(Scraped caption text data)

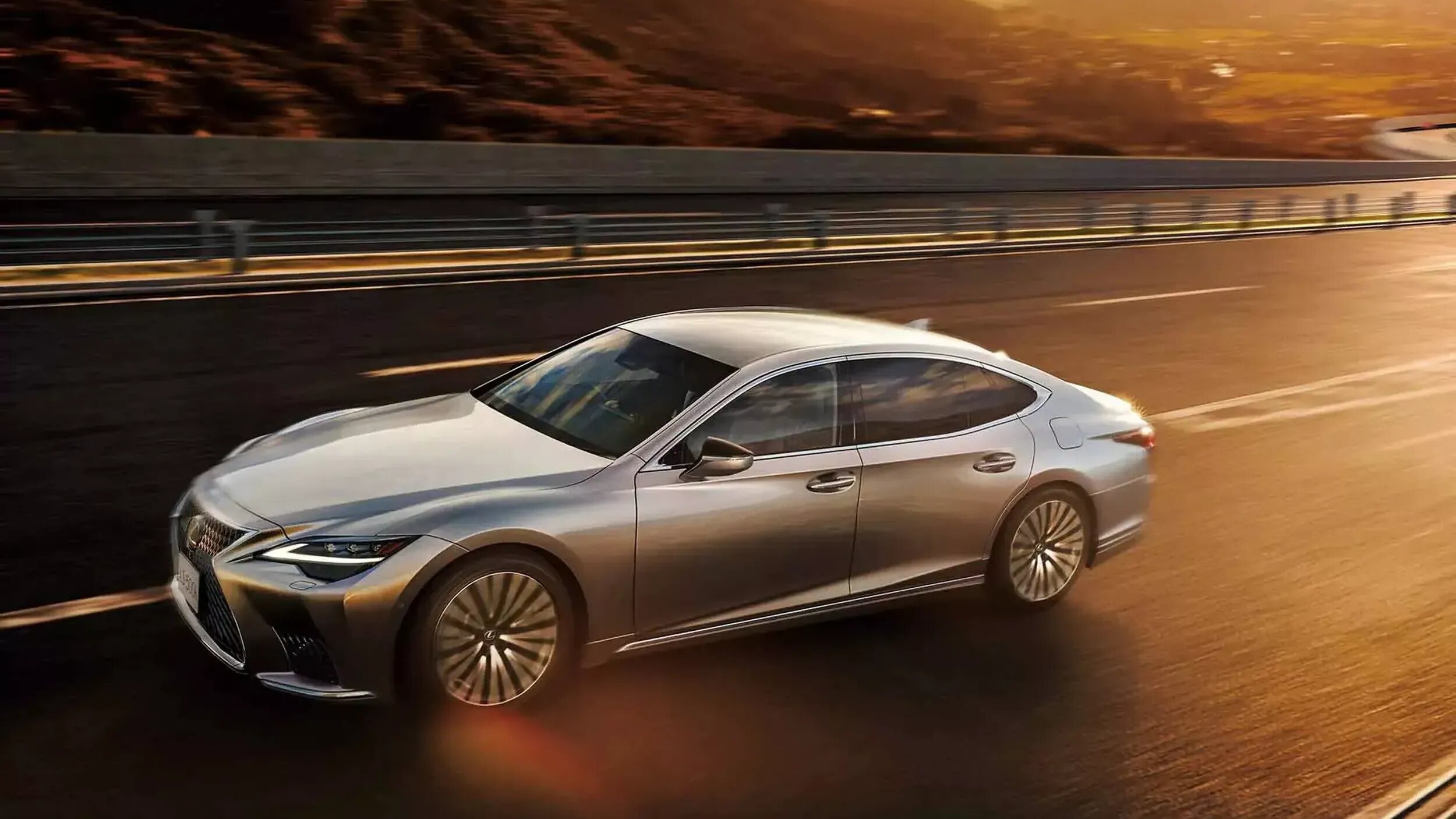 Lexus внезапно продлил жизненный цикл седана LS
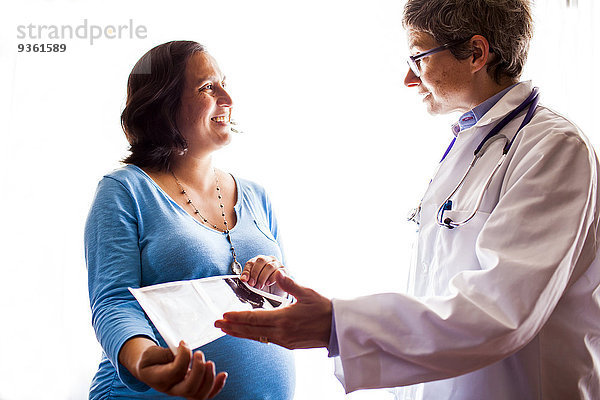 Patientin sprechen Arzt Schwangerschaft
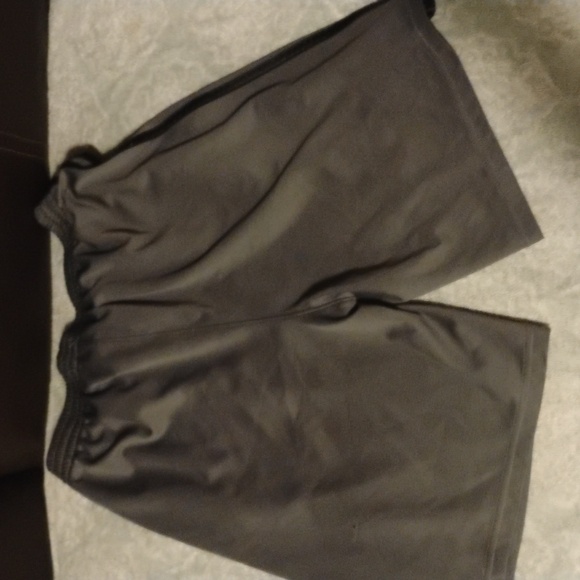 boys shorts - Picture 2 of 2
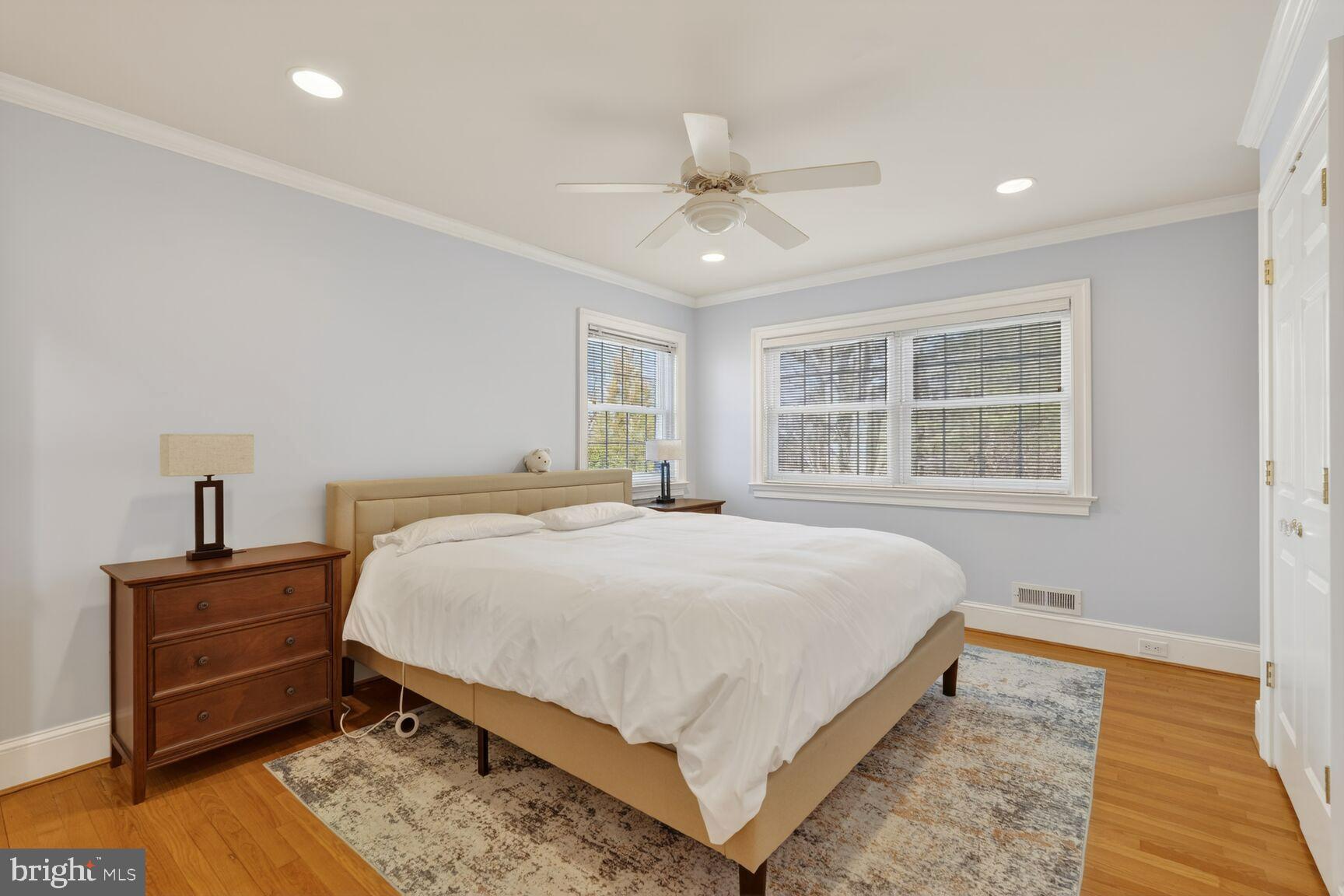 BELLEVUE FOREST - Residential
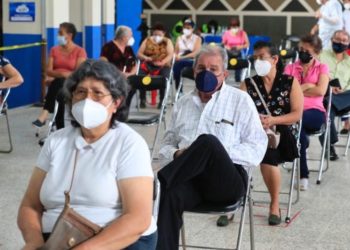 Cámara de Industria espera mayor afluencia en centros de vacunación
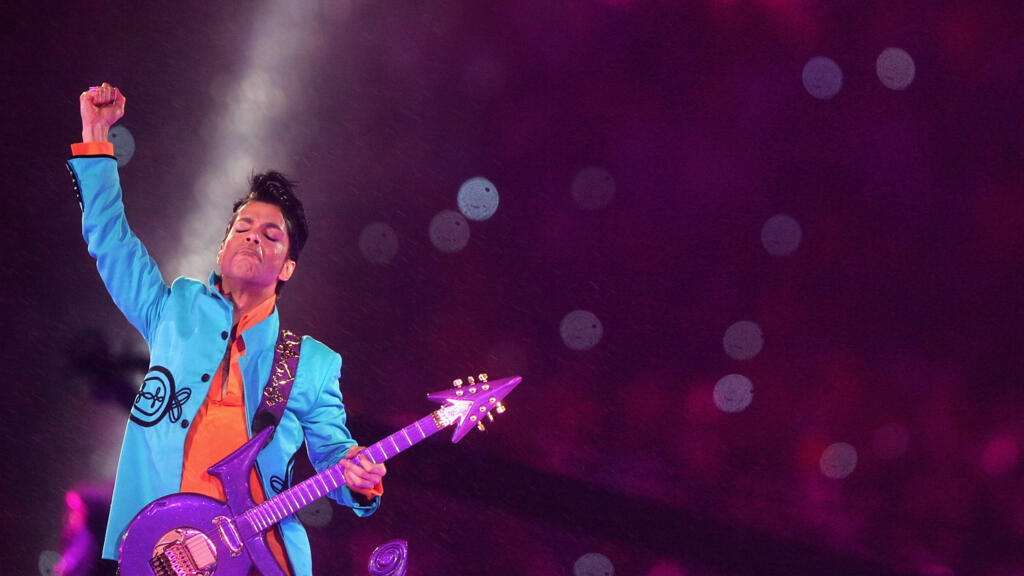 Prince sur la scène du «Pepsi Halftime Show» au Super Bowl XLI, le 4 février 2007 au Dolphin Stadium de Miami Gardens, en Floride.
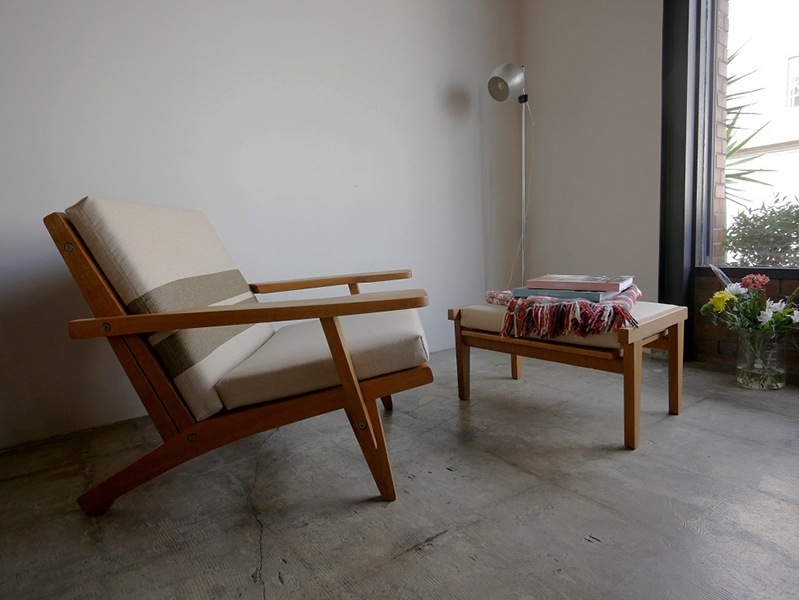 GE370 Arm chair +Ottoman set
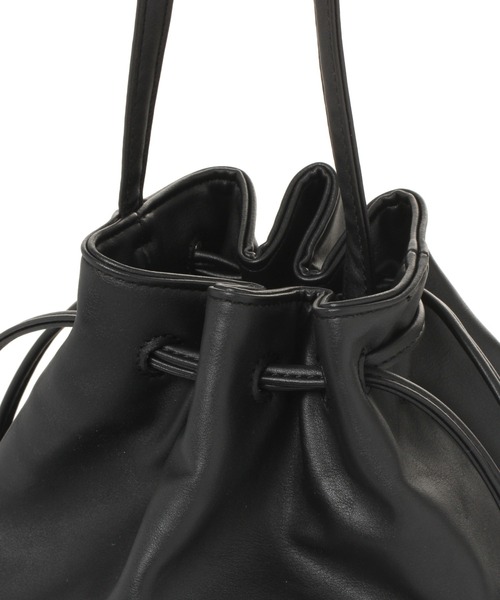 studio CLIP（スタディオクリップ）の「PUカゴコンビ巾着バッグ（かごバッグ・レディース・アイボリー/ブラック・FREE）」の6枚目の写真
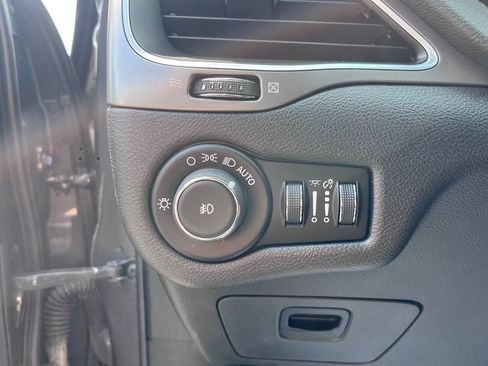 Used 2019 Jeep Cherokee Latitude Plus w/ Cold Weather Group AWD/4WD image 11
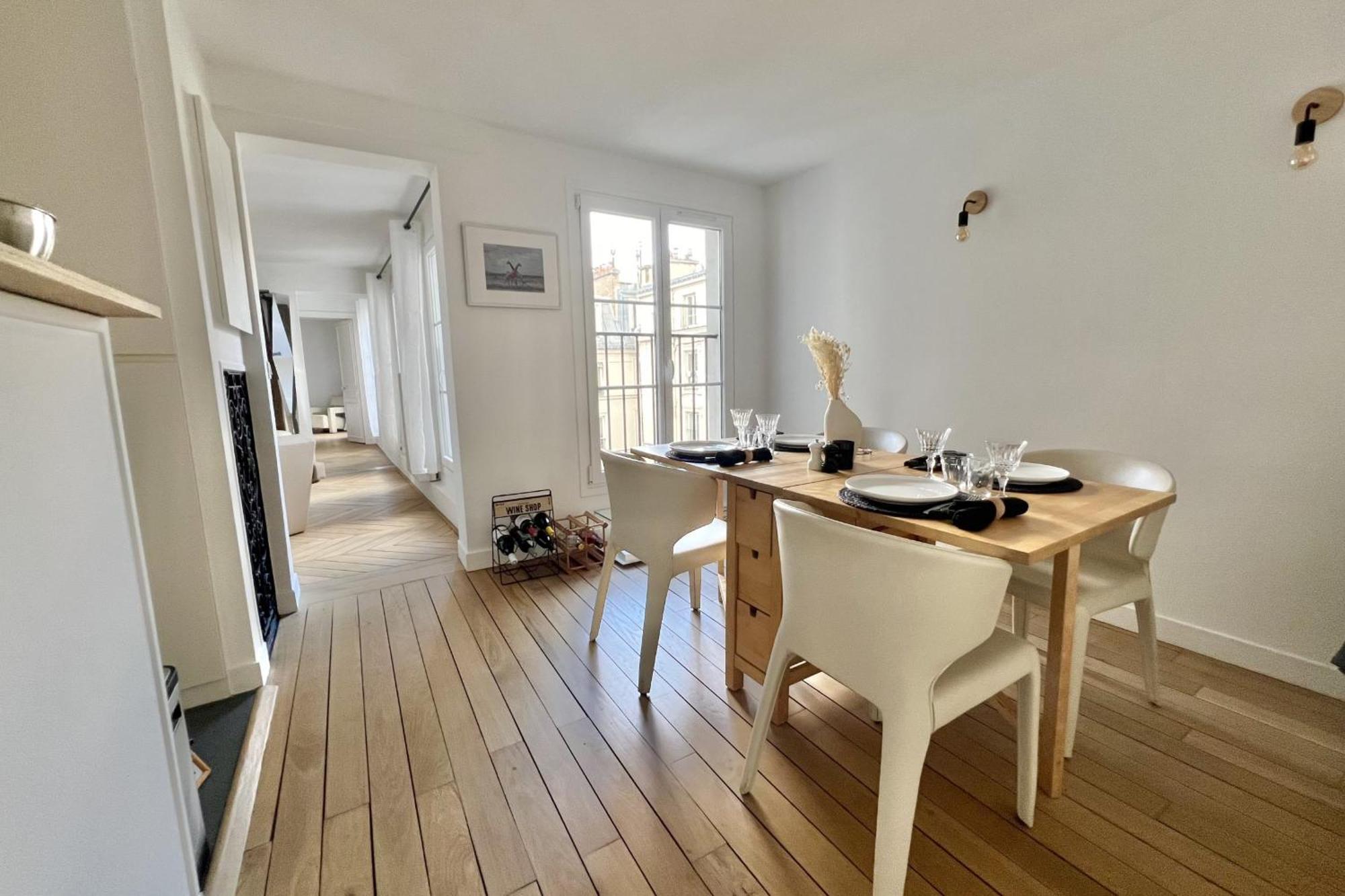 Apartment T3 In The Heart Of Paris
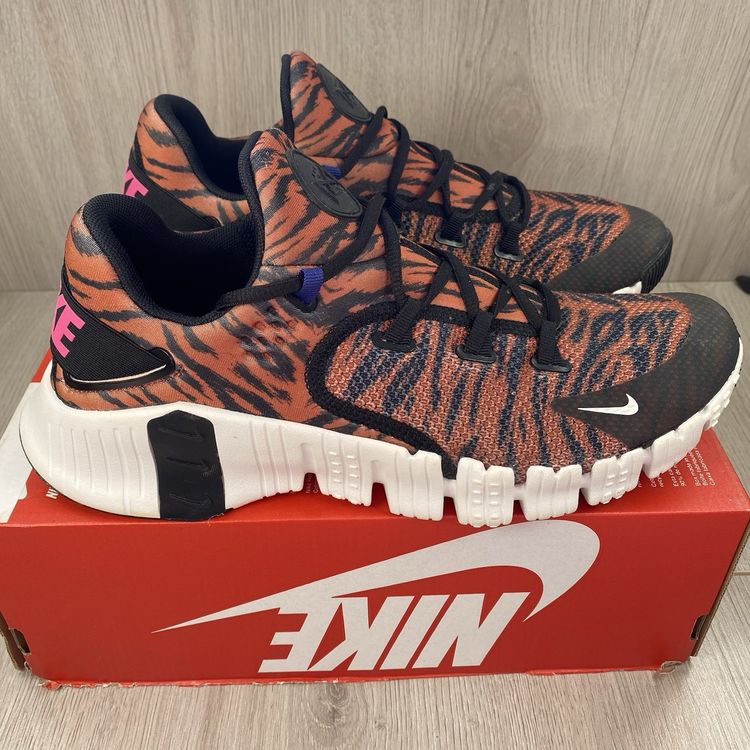 Size 9.5 - Nike Free Metcon 4 Trainers Tiger Burnt Sunrise DJ8655-018 2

Try it - Exactly the lines from the one with "GE370 Arm chair +Ottoman set" through the end of the records should be written out, and only those. Pictures do not belong in the copy.

Task output -
 GE370 Arm chair +Ottoman set
 studio CLIP（スタディオクリップ）の「PUカゴコンビ巾着バッグ（かごバッグ・レディース・アイボリー/ブラック・FREE）」の6枚目の写真
 Used 2019 Jeep Cherokee Latitude Plus w/ Cold Weather Group AWD/4WD image 11
 Apartment T3 In The Heart Of Paris
 Size 9.5 - Nike Free Metcon 4 Trainers Tiger Burnt Sunrise DJ8655-018 2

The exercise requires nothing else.